Grace A. Griffen Endowed Chair in American History; Associate Professor
Meredith Oda
she/her

Summary

Meredith Oda's research is concerned with the emerging field of the Pacific world, particularly the ways in which transpacific networks and developments were engaged in the local texture of cities, communities and everyday life. Her book, The Gateway to the Pacific: Japanese Americans and the Remaking of Transpacific San Francisco (Chicago Press) traces the development of San Francisco's postwar transpacific urbanity - the metropolis' urban life - in order to tell the story of the city's relations with and ideas about Japan in the decades following the Pacific War. It also argues that those were made within and remade the intimate, local sites of home, neighborhood, civic life and identity. Oda's book is therefore a deep local study illuminating the many ways that people experience the world and make sense of global shifts through the familiar spaces of home, community and city.

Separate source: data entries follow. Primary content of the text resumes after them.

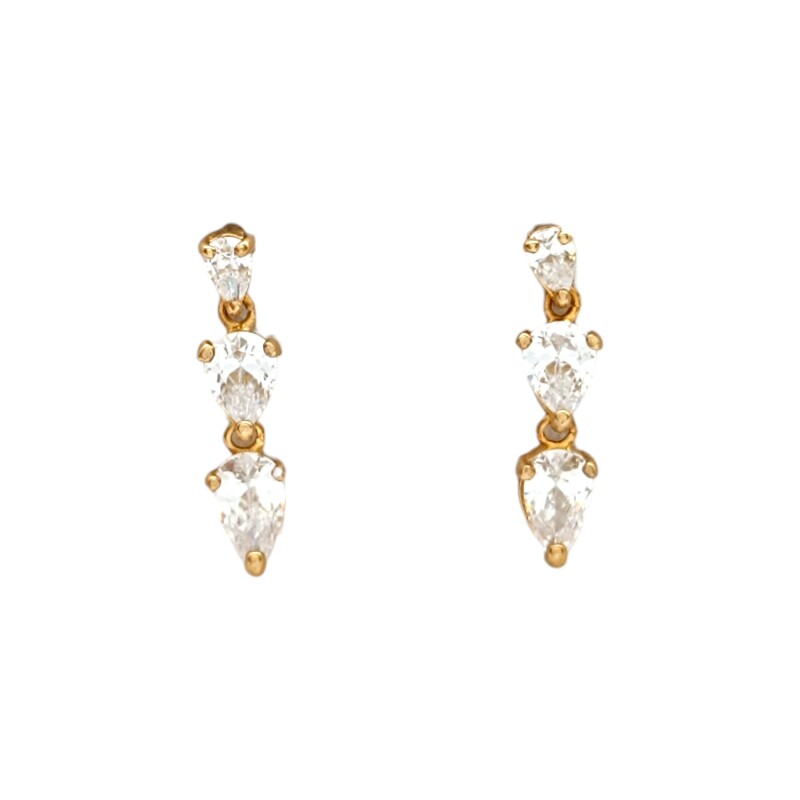 Caravanas Triple lágrima oro- Oro bajo -Zirconia blanca - CA8170 conpiedra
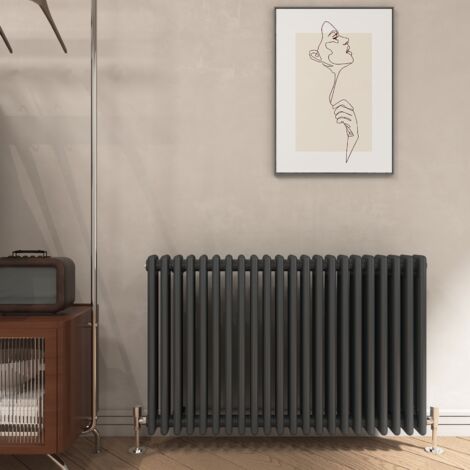 EMKE Cast Iron Rad Traditional 3 Column Horizontal Central Heating Radiator Anthracite, 600x1010mm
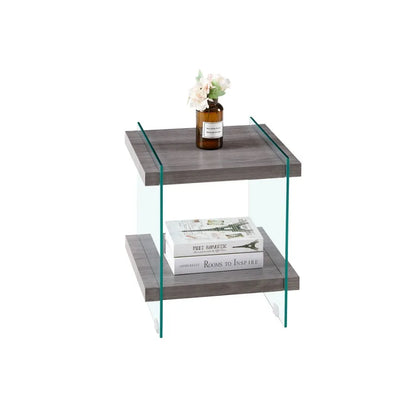 17.72 Sleek and Sturdy Tempered Glass Leg Side Table with Dual MDF Shelves Modern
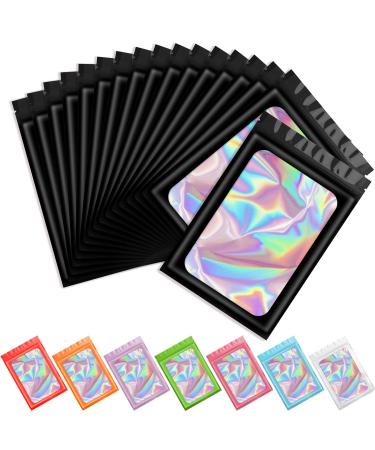 100 pcs Smell Proof Mylar Bags Holographic Packaging Bags Resealable Odor Proof Bags Foil Pouch Bags for Food Storage and Lipgloss Jewelry Eyelash Packaging (Black 4 x 6 Inch) Black 4 x 6 Inch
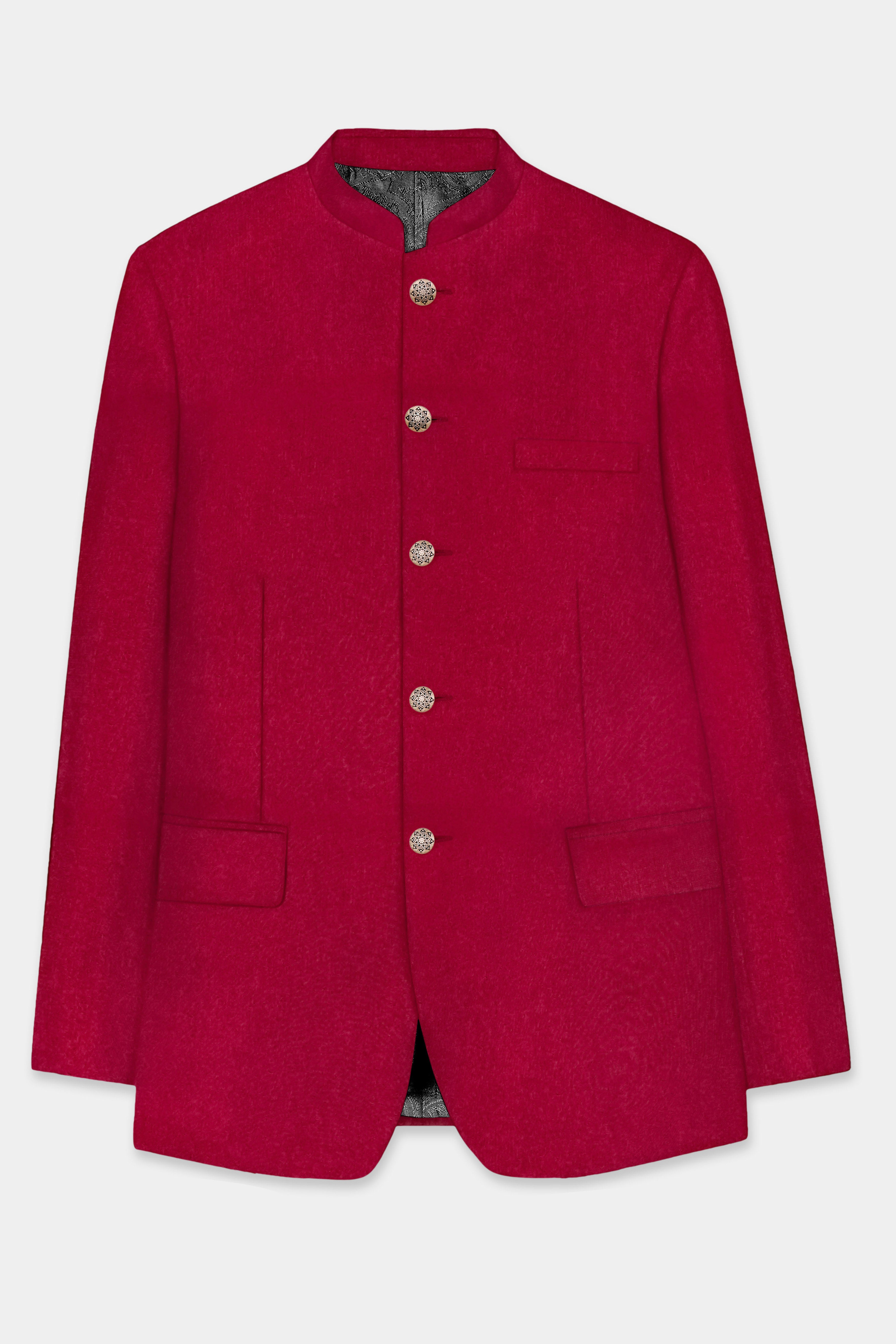 Vermilion-Chili Red Solid Wool Rich Bandhgala Slight Stretch Suit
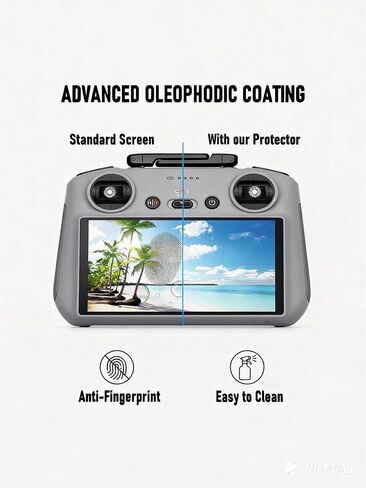 واقي شاشة شفاف عالي الدقة مضاد للتوهج من iDaPro لجهاز التحكم عن بعد DJI RC 2 / RC، متوافق مع Mini 5 Pro/Mini 4 Pro/Air 3s، صلابة 9H + مجموعة تثبيت خالية من الفقاعات [3 عبوات] in Kuwait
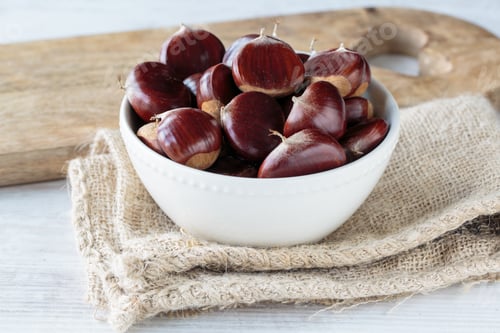 Preview: Bunch Of Fresh Raw Chestnuts In Autumn Season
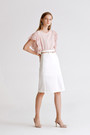 Belted Front-Slit Skirt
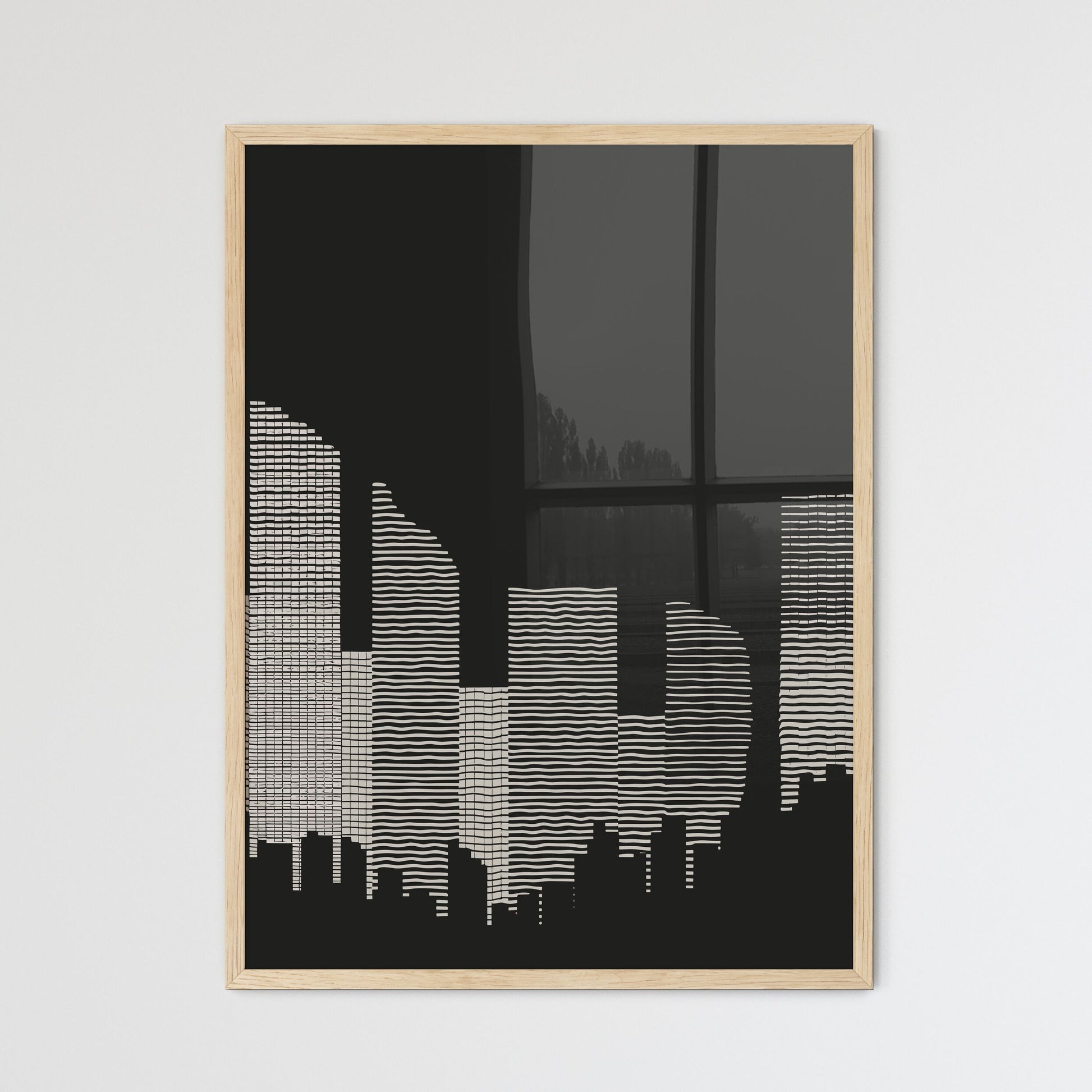 Miami Skyline - A City Skyline With Many Skyscrapers Framed Art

Currently, she is working on a second book project that examines Japanese American resettlement from World War II incarceration camps. In this book, she aims to understand the shifting identities and institutions of alienage before the 1952 Walter-McCarran Act (when Japanese migrants shed the status of "aliens ineligible for citizenship" and became eligible for migration and naturalization).

Oda's research interests inform her teaching. Her courses cover the histories of Asian Americans in the United States, the U.S. in the world and the various entanglements of the United States in the Pacific region and Asia. Her graduate seminars explore urban history, transnationalism, the 20th century United States and citizenship and alienage.

Specialties

  • 20th century U.S. history
  • U.S. in the world
  • Asian American history
  • Urban history
  • U.S./Japanese relations

Courses Taught

  • CH 203: American Experiences and Constitutional Change
  • HIST 102: United States History, 1865 to the Present
  • HIST 213: Asian American History
  • HIST 403A/603A: Culture, Tourism, and Imperialism: Hawai'i in the American Imagination
  • HIST 407A: Foreign Relations I (Globalizing US History)
  • HIST 407B: Foreign Relations II (The United States in the Pacific World)
  • HIST 415C/615C: United States History, 1877-1945
  • HIST 722: Seminar in 20th Century U.S. History
  • HIST 724: Topical Seminar in US History (Transnational History)
  • HIST 783: Historiography

Publications

  • The Gateway to the Pacific: Japanese Americans, Japan, and the Remaking of Transpacific San Francisco (2018, University of Chicago Press, "Historical Studies of Urban America" series).
  • "Masculinizing Japan and Reorienting San Francisco: The Osaka-San Francisco Sister-City Affiliation During the Early Cold War." Diplomatic History 41 (June 2017): 460-488.
  • "Rebuilding Japantown: Japanese Americans in Transpacific San Francisco During the Cold War." Pacific Historical Review 83 (2014): 57-91.